=== Data supplied ===
★ ★ ★ ★

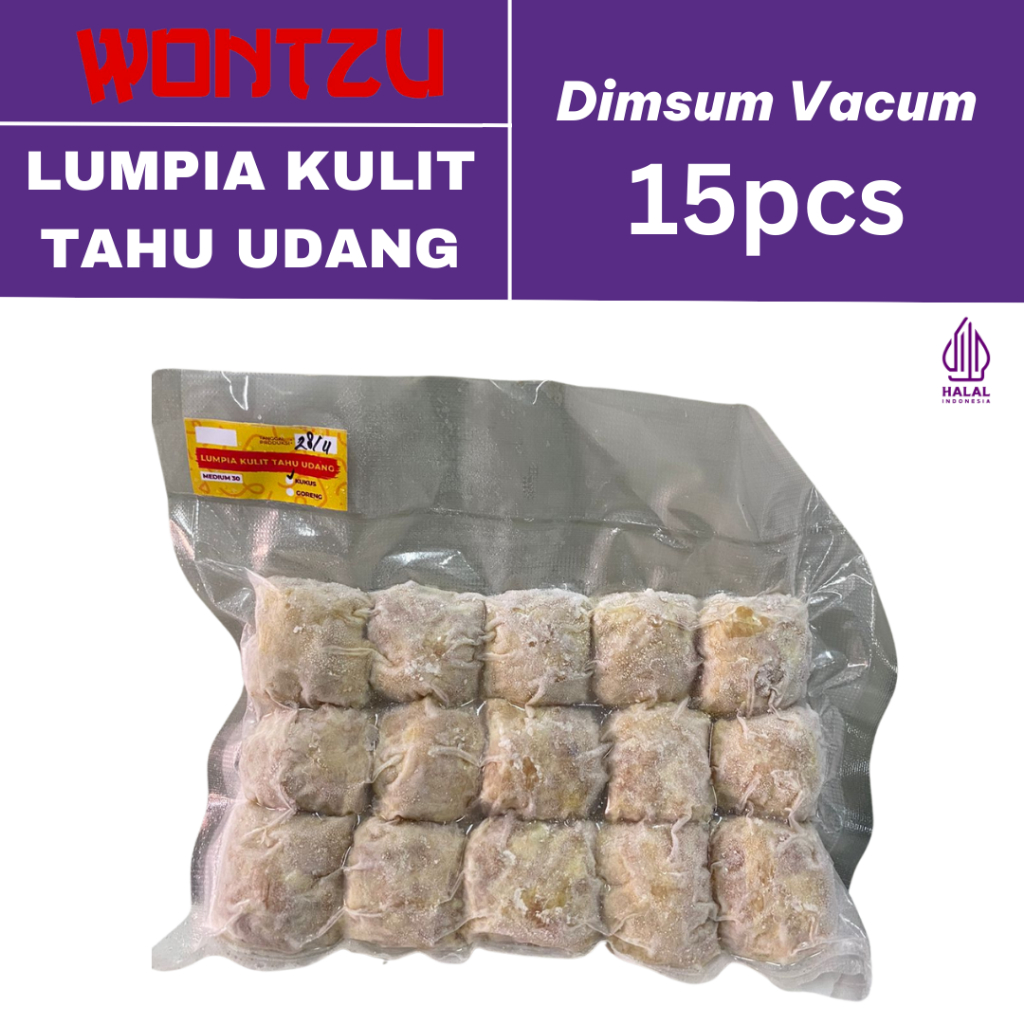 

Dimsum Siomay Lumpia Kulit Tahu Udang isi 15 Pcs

★ ★ ★ ★

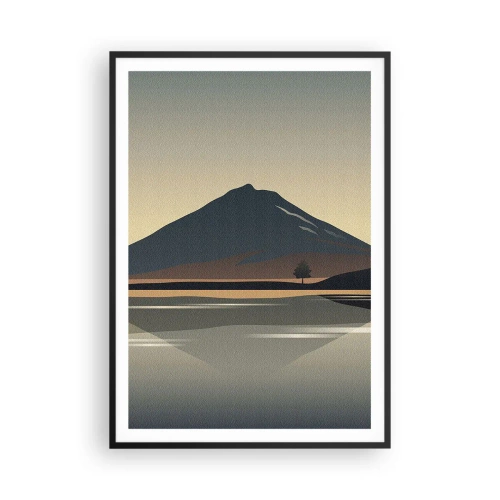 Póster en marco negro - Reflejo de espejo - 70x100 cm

★ ★ ★ ★

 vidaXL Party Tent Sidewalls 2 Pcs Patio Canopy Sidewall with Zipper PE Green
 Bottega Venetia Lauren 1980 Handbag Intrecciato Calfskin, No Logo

★ ★ ★ ★

=== What needs to be done ===
Write out exactly the lines above between the line with "vidaXL Party Tent" and the line with "Bottega Venetia Lauren", inclusive, and nothing beyond them.

=== Expected output ===
 vidaXL Party Tent Sidewalls 2 Pcs Patio Canopy Sidewall with Zipper PE Green
 Bottega Venetia Lauren 1980 Handbag Intrecciato Calfskin, No Logo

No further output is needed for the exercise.